L'altimetria della Francavilla al Mare - Blockhaus al Giro 1972 © www.ilciclismo.it
Dopo aver ripercorso il versante di Roccamorice in transito verso il traguardo di Francavilla a Mare nel ‘70, la salita è esclusa dal percorso nel ’71. Quando ricompare nel '72 al quarto giorno come traguardo della prima semitappa, Merckx deve confrontarsi con Josè Manuel Fuente, indomito scalatore spagnolo che arriva in Italia fresco della vittoria alla Vuelta. Fuente sguinzaglia i compagni di squadra già a Pretoro e ben presto attacca in prima persona: nonostante l'arrivo fosse addirittura più in basso, in località Fonte Tettone, presso l'Hotel Mammarosa, e la semitappa cortissima (48 km) Fuente arrivò da solo con addirittura 1'35" sul connazionale Lasa e 2'36" sul gruppetto di Merckx, giunto 5°. Merckx ribaltò tutto pochi giorni dopo nella frazione silana di Catanzaro, arrivando al traguardo insieme a Gösta Pettersson con 4'13" di vantaggio sugli inseguitori. Pochi mesi dopo Eddy Merckx avrà a che fare con l'altra nemesi iberica, che risponde al nome di Luis Ocaña (ne abbiamo parlato qua).
L'altimetria della Alba Adriatica - Lanciano al Giro 1973 © www.ilciclismo.it
Il Blockhaus compare un'ultima volta nel ‘73, nuovamente scalato da Roccamorice in transito per Lanciano. Merckx decide di inserire nel proprio palmares anche la Vuelta, dopo la quale si presenta al Giro, di nuovo sfidato da Fuente che invece ha saltato la corsa di casa per puntare tutto sulla Corsa Rosa. Ma lo spagnolo ha fatto male i conti e dopo essere stato battuto dal Cannibale in una volata a due ad Aosta, deve abbandonare la classifica dopo essere crollato sul San Fermo verso il Lago di Iseo ed aver abdicato in preda ai crampi anche sul Carpegna. Proprio salendo sul Blockhaus lo spagnolo cerca il riscatto: riesce a scollinare da solo ma il vantaggio è troppo esiguo e viene raggiunto da Panizza e, ovviamente, Merckx, che lo ribatte in volata. Il successo nel tappone dolomitico di Auronzo di Cadore gli vale soltanto un 9° posto in classifica, mentre Merckx conquista il suo quarto Giro d'Italia.

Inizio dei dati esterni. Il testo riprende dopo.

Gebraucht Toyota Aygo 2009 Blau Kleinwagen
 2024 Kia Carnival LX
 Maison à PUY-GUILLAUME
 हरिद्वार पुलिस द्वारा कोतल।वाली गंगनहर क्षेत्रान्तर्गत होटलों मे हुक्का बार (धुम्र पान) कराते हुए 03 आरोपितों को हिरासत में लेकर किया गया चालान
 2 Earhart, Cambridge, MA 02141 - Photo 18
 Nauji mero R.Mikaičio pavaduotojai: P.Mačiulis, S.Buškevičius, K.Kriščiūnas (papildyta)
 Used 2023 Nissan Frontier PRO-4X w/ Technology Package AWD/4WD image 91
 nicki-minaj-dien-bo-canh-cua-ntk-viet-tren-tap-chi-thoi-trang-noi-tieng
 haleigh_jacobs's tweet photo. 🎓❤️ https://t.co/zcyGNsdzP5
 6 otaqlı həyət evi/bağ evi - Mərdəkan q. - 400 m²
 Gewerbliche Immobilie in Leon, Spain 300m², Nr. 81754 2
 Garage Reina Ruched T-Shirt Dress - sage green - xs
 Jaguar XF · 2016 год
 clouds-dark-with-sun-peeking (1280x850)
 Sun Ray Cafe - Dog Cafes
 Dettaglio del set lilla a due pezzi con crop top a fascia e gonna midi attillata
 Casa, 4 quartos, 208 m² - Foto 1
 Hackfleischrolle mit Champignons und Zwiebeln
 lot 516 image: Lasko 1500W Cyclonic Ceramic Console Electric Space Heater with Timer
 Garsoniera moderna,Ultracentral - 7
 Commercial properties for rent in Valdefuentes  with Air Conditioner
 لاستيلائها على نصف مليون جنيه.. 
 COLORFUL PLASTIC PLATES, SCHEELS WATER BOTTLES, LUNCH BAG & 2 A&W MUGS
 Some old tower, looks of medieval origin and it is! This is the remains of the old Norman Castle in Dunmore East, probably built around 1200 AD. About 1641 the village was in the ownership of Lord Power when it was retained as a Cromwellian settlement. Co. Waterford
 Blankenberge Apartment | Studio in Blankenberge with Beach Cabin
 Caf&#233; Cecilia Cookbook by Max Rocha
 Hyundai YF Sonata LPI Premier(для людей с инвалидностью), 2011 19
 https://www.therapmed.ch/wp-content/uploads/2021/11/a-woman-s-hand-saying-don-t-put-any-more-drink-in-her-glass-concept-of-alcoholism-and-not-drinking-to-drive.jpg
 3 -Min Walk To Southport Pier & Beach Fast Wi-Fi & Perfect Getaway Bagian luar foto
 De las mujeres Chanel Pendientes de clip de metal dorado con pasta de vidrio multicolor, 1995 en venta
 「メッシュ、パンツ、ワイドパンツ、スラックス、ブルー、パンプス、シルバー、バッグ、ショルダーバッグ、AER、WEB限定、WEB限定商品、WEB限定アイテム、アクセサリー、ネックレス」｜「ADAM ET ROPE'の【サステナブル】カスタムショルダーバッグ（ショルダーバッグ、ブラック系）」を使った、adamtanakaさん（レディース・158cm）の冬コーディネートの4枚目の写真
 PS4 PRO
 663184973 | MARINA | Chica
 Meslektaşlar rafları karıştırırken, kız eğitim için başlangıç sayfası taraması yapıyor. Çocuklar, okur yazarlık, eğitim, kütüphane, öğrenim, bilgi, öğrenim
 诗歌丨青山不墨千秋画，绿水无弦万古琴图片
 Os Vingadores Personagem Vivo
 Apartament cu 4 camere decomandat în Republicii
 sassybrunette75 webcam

Il Blockhaus scompare dai radar per un decennio e ricompare solo come traguardo nel 1984 (vittoria di Argentin) e transito nel 1992, anno del debutto del versante di Lettomanoppello. Serve il terzo millennio per dare nuovo lustro alla montagna, riportata in auge dal traguardo a Passo Lanciano del 2006 e soprattutto dall'arrivo in vetta nel 2009, quando per colpa delle troppe nevicate fallì la sfida di arrivare in fondo alla strada, oltre quota 2000 metri. Sono seguiti i transiti a Passo Lanciano della Tirreno (celebre la cavalcata di Contador verso il traguardo di Guardiagrele) e altri due arrivi del Giro.
La montagna resta immobile, gettando la sua ombra sulla città di Chieti e attendendo di volta in volta nuovi sfidanti. Continua ad incutere timore, talvolta stroncando i sogni di gloria di chi ci si confronta, altre volte consegnando i suoi eroi alla maglia rosa finale (Basso nel 2006, Hindley nel 2022). Ma una cosa è certa: senza Eddy Merckx ai nastri di partenza, il Blockhaus non è più la stessa cosa.